AIM OF THE EXERCISE – Each line from the one with "Trendyol Large Size" through the last line of the material is to be printed exactly; no other line and no picture belongs in the copy.

___ MATERIAL FOR THE TASK

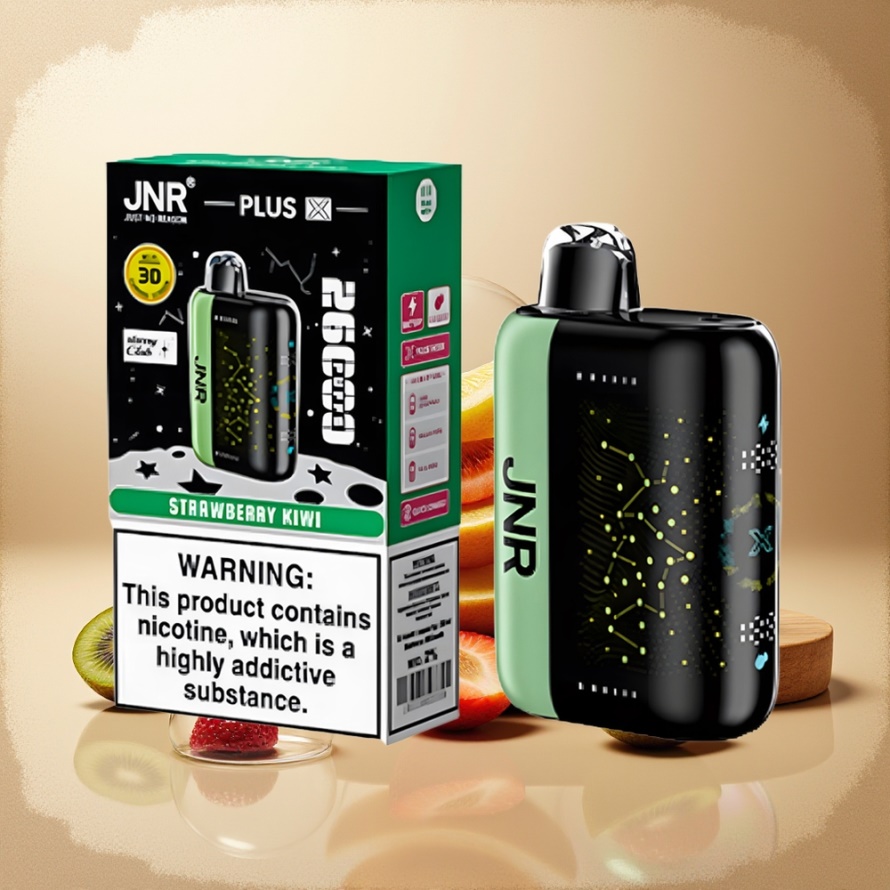 JNR Plus X 26000 Puffs Svensk GrossistEngångs Vape Jordgubb Kiwi 850mAh 28ml 2% Nikotin Dual Mesh Coil Type-C 3D Skärm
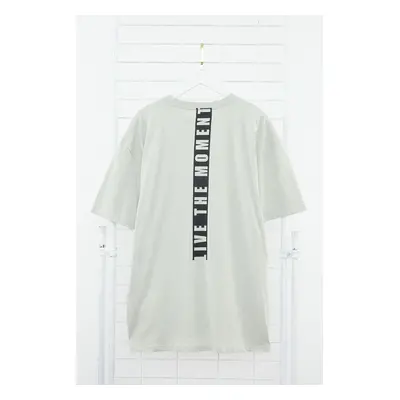 Trendyol Large Size Gray Oversize/Wide Cut Back Text Printed 100% Cotton T-Shirt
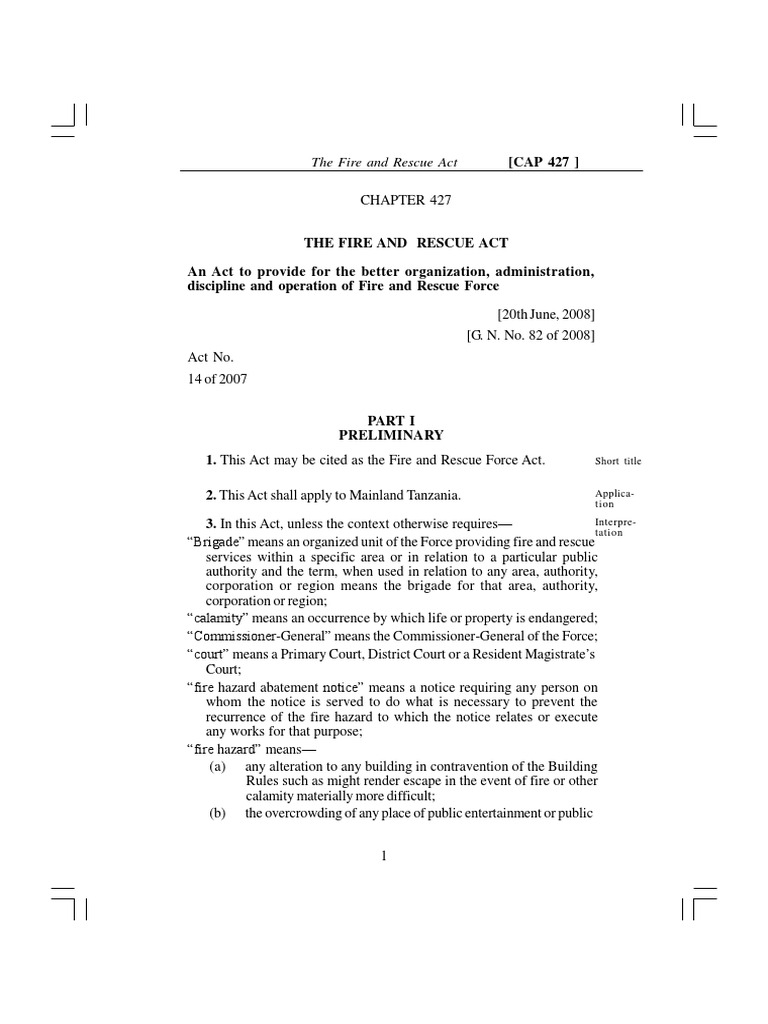 Tanzania Fire and Rescue Force Act 2007 | PDF | Firefighter | Fire Safety
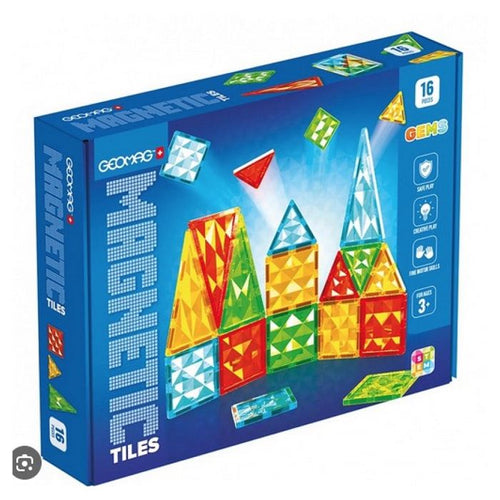 Tessere magnetiche - GEOMAG - Tiles Gems 4100 - 16 pezzi - Forme geometriche - Effetto cristallo
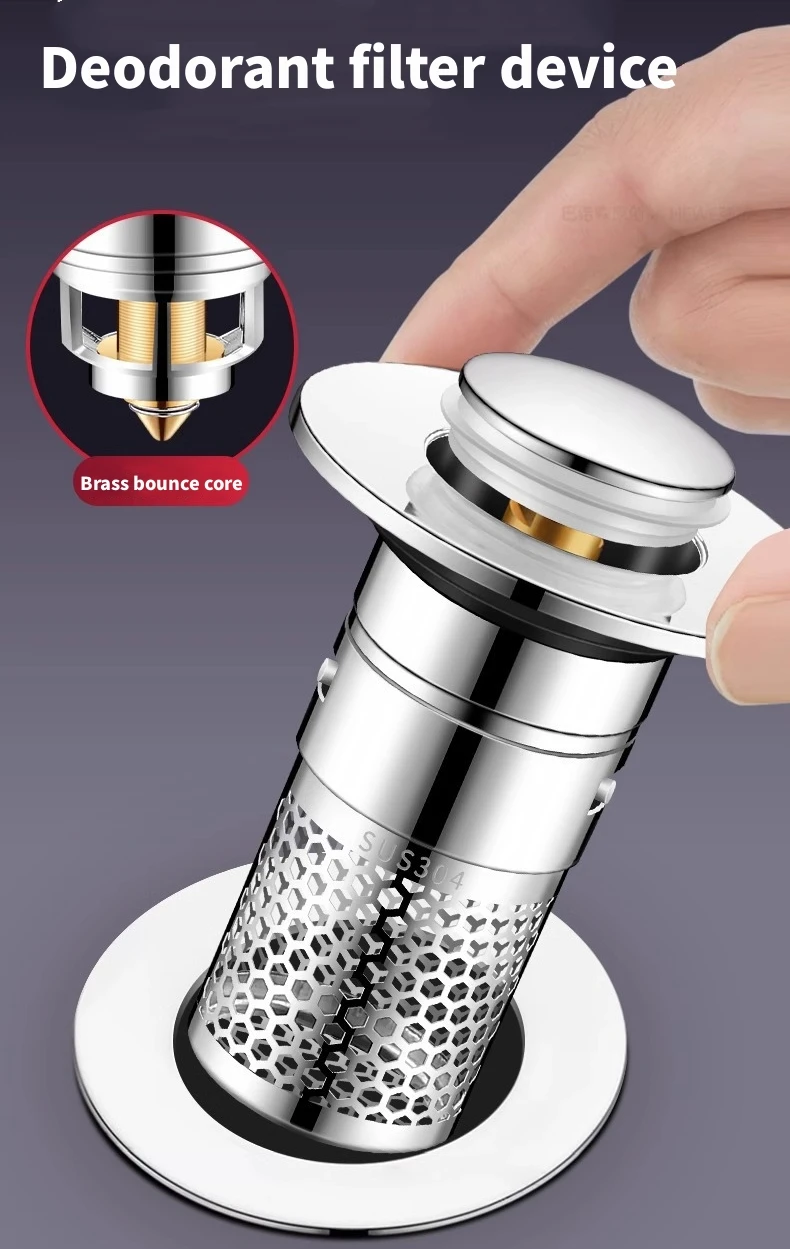 Stainless Steel Floor Drain Filter Washbasin Plug Anti Odor Pop-Up Bounce Core Basin Stopper Hair Catcher Shower Sink Strainer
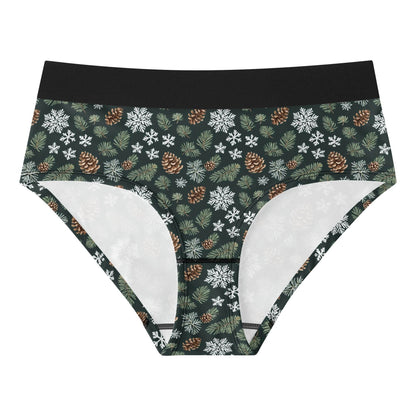 Women's Mid Waisted Snowflake PIne Briefs - DeRose Seasonal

______

SOLUTION FOR THIS EXERCISE –
 Trendyol Large Size Gray Oversize/Wide Cut Back Text Printed 100% Cotton T-Shirt
 Tanzania Fire and Rescue Force Act 2007 | PDF | Firefighter | Fire Safety
 Tessere magnetiche - GEOMAG - Tiles Gems 4100 - 16 pezzi - Forme geometriche - Effetto cristallo
 Stainless Steel Floor Drain Filter Washbasin Plug Anti Odor Pop-Up Bounce Core Basin Stopper Hair Catcher Shower Sink Strainer
 Women's Mid Waisted Snowflake PIne Briefs - DeRose Seasonal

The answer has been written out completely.